DELAY, DENY, DEFEND: Why Insurance Companies Don’t Pay Claims – And What You Can Do About It.
It’s sad when a company loses its way.
Toyota built a worldwide brand on the promise of quality and reliability, only to see that brand tarnished by its recent massive recalls. It’s sadder still when an industry loses its way, and that is what has happened to a substantial part of the insurance industry over the last two decades.
Insurance companies basically sell security. A consumer is willing to pay insurance premiums in the expectation that if something bad happens—a house burns down, a car crashes—the company will pay for the loss that otherwise might financially ruin the consumer.
But insurance companies increasingly fail to honor their promise of security.
To improve their profits, companies delay payment of justified claims, deny payment altogether, and defend their actions by forcing claimants to sue to get what they are entitled to.

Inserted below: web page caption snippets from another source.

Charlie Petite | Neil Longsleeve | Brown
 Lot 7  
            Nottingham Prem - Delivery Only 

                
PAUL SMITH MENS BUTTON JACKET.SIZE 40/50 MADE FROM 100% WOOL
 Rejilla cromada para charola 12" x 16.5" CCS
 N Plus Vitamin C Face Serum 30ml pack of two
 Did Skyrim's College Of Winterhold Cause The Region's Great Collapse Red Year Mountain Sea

This strategy is known as “delay, deny, defend,” and it perverts the insurance industry’s traditional role. Within the vast bureaucracy of insurance companies, actuaries assess risks, underwriters price policies and evaluate prospective policyholders, and agents market policies. The claims department’s only job should be to pay what is owed, no more but no less. Delay, deny, defend turns the claims department into just another profit center.
What makes a company or an industry lose its way?
In the case of the insurance industry, three things happened from the early 1990s onward to cause the shift.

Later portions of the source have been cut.